Are all books art objects? Are all images art? The book by itself is a medium, just as photography is a medium – but all photographs aren’t art, and all books aren’t art either. Just as there are very different purposes and genres for photography, the same is true when it comes to books – and that’s the beautiful thing about such a wide ranging medium. It allows you to experiment and merge genres, intentions and different purposes to create something new and exciting.

When does bookmaking become an art form?

The intention and purpose of the book decides whether it should be considered art or not.

For thousands of years books have been the main platform and medium for preserving and saving information and knowledge, traditionally containing text and images. I think because of this, we tend to think of books as a means of conveying information and knowledge in a traditional form.

Luckily, we also have a great tradition of bookmakers that push the medium and challenge the perception of what makes a book, a book. It all comes down to the intention behind the book. This decides whether it should be considered an art form or not.
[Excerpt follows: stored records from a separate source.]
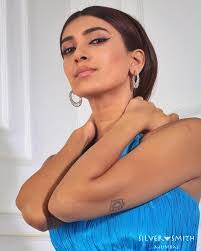 Silver Smith's Instagram, Twitter & Facebook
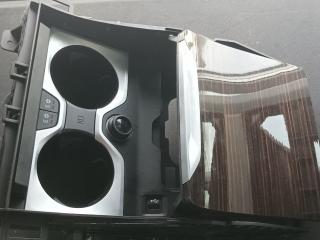 подстаканник BMW X5 G05 [рестайлинг] G05 2024, 3.0 л., B57 D30 B, дизель, АКПП, 475, внедорожник 5 дв., полный привод, правый руль, 6827173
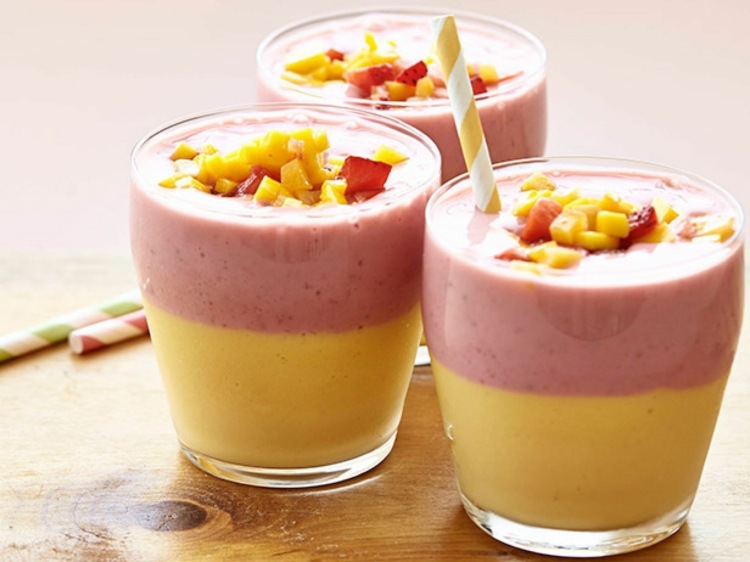 Gör din egen smoothie jordgubbe-persika-banan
However, no matter what you think of books it can’t be denied that bookmaking is a complex and beautiful craft that requires skills and dedication.

Søren Solkær, Black Sun

Courtesy of Plethora

Søren Solkær, Black Sun

Courtesy of Plethora

Do you think that books belong in museums? If so why, if not why not?
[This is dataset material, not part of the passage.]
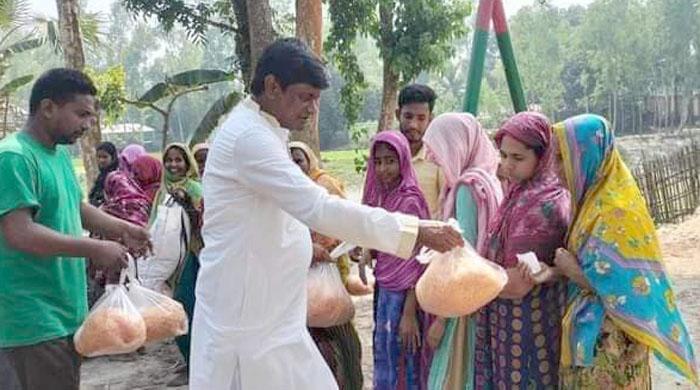গোবিন্দগঞ্জে ব্যক্তিগত উদ্যোগে দুস্থ-অসহায় পরিবারের মাঝে ঈদ উপহার সামগ্রী বিতরণ গোবিন্দগঞ্জে ব্যক্তিগত উদ্যোগে দুস্থ-অসহায় পরিবারের মাঝে ঈদ উপহার সামগ্রী বিতরণ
I will try not to repeat myself too much, but the matter of fact is that books are a medium, and how that medium is being used determines how and if each individual publication belongs in a museum or not. Some do, due to their historical value and some do, due to their innovative and artistic approach or political impact. But just as all books aren’t art, not all books belong in a museum, some are simply just better suited for the bookshelf at home.

Have there been particular books that had a big impact on you in terms of the way you approach book-making/publishing?
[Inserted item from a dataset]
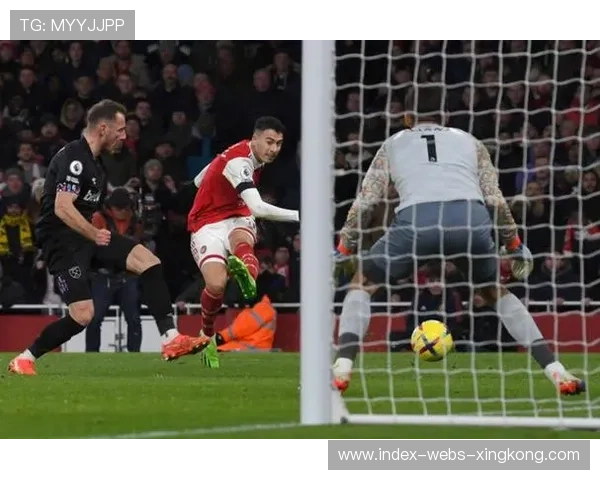 阿森纳中场直塞穿透后防线空档 阿森纳中场直塞穿透后防线空档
Karl Blossfeldt’s ‘Urformen der Kunst’, first edition has been a great inspiration for materialisation and design.

Gaston Bachelard’s ‘The poetics of space’ has been a great inspiration for conceptualisation.

Tilda Bay Kristoffersen, Æon

Courtesy of Plethora

Tilda Bay Kristoffersen, Æon

Courtesy of Plethora

Do you collect books? What sort of books interest you most?

Yes, I do, and I believe that if you don’t collect books that’s an error, no matter who you are and what you concern yourself with.

I collect all sorts of books!

Because I work in the border area of publishing and art, there are many kinds of books that grasps my attention. Some are for more “academic” purposes, maybe the book is produced in a very innovative way, maybe the layout is doing something I haven’t seen before, maybe the print technique is otherworldly, or maybe I just find the book inspiring and beautiful in some way.

But I do also collect books for more personal reasons. I do like a good story, or a poetic and philosophic journey. I like to be politically or intellectually challenged, and for all these listed interests I prefer the medium of the book. The reason why? I’m glad you asked!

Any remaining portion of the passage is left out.